# Enigmatic Code

Programming Enigma Puzzles

## Enigma 1091: One’s best years

From New Scientist #2247, 15th July 2000 [link]

Mr Meaner has now retired from teaching. As a tough arithmetic exercise each year he used to ask his class to take the number of the year and find some multiple of it which consists simply of a string of ones followed by a string of zeros. For example in 1995 one girl in the class found that the 19-digit number 1111111111111111110 was a multiple of 1995!

Mr Meaner had been asking this question every year since he started training as a teacher. On the first occasion it was a reasonably straightforward exercise and most of the class found a multiple using as few digits as possible.

It is lucky that he did not ask the question a year earlier, for that year would have required over two hundred times as many digits as that first occasion did.

In what year did Mr Meaner first ask the question?

[enigma1091]

### 5 responses to “Enigma 1091: One’s best years”
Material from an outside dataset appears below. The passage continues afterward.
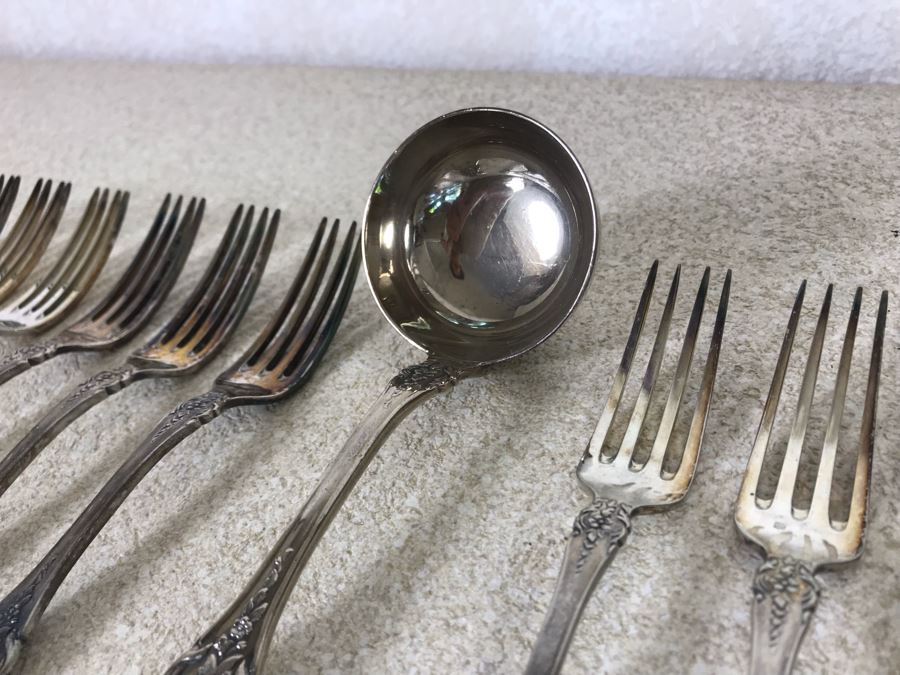 Vintage Italian 800 Silver Twelve Forks And Serving Spoon By A.P.I.S. Hallmarked 72 PA - PALERMO Italy 678g TW [Photo 8]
1. Jim Randell 23 October 2017 at 9:51 am

Any repunit ends in 1, so it can’t have divisors of 2 or 5, so any factors of 2 or 5 in the year must be covered by the 0’s at the end of the number, and we need as many 0’s as the largest number of factors of 2 or 5 in the original year. The remaining factors need to be covered by the repunit.

The [[ `drop_factors()` ]] function was recently added to the enigma.py library.

This Python code runs in 80ms.

Run: [ @repl.it ]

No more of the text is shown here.